|
The prisoner's dilemma is a non-zero-sum game that illustrates a conflict between what seems a rational individual behavior
and the benefits of cooperation, in certain situations where short-term gains produce later wrongs. The essence of the problem is
that each individual player is trying to maximise his own advantage, without concern for the well-being of others — i.e.,
he is an 'egoist' — in a situation where nothing is known of the other player
except that they are likely to be doing the same. The dilemma illustrates the paradox that if everybody were to behave in such a
way, they would risk actually ending up with less than they might have obtained had they chosen to cooperate with each
other.
The key problem, then, arising from the prisoner's dilemma, is whether or not cooperation can evolve among egoists: that is,
can self-interested individuals come to learn, over time, that their interests are better-served by cooperating with those around
them, rather than by solely pursuing their own advantage without concern for others.
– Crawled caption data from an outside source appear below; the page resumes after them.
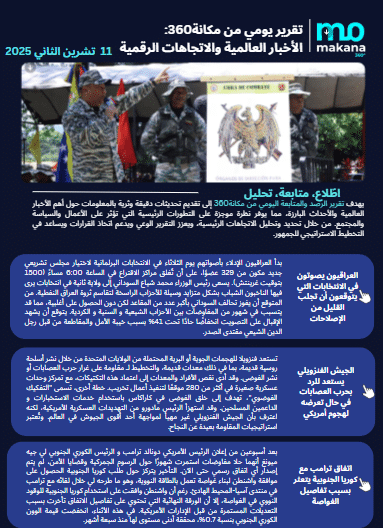 11 تشرين الثاني – تقرير الرصد اليومي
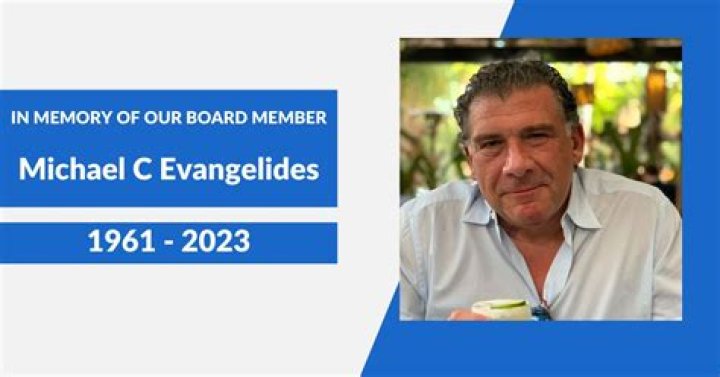 Michael Evangelides Obituary And Death Cause Explored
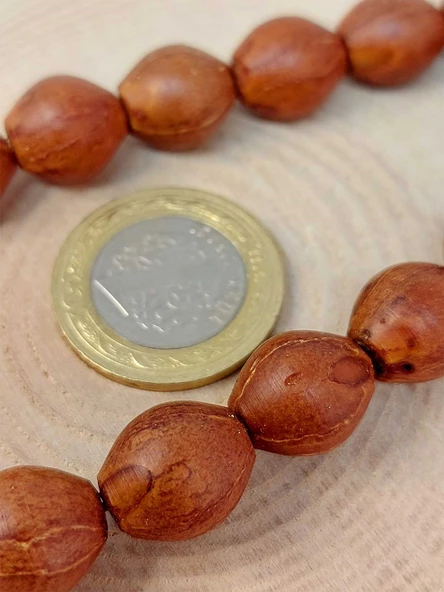 Andız Ağacı 17lik Efe Tesbih 12*13mm (44450) - Resim 2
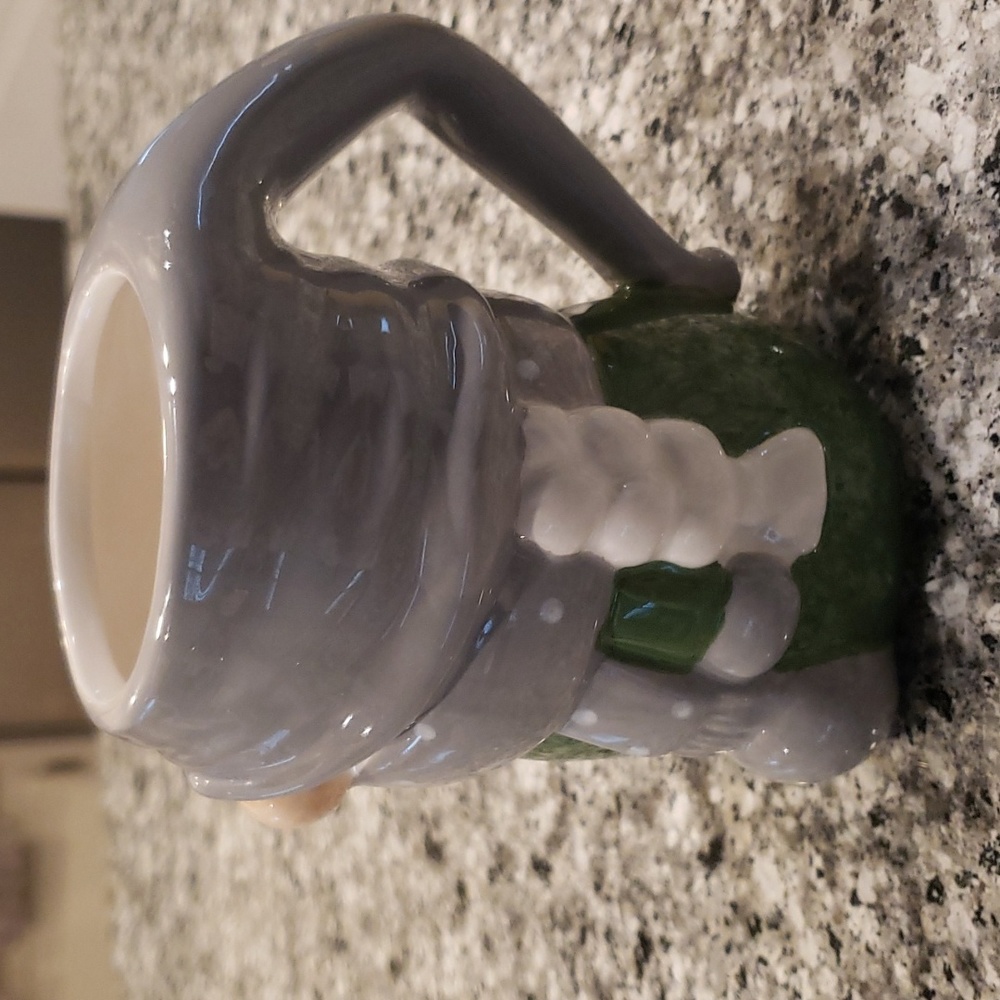 Pottery Barn Forest Gnome Mug - Picture 2 of 6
The classical prisoner's dilemma
The classical prisoner's dilemma (PD) is as follows:
- Two suspects are arrested by the police. The police have insufficient evidence for a conviction, and having separated them,
visit each of them and offer the same deal: If you confess and your accomplice remains silent, he gets the full 10-year sentence
and you go free. If he confesses and you remain silent, you get the full 10-year sentence and he goes free. If you both stay
silent, all we can do is give you both 6 months for a minor charge. If you both confess, you each get 5 years.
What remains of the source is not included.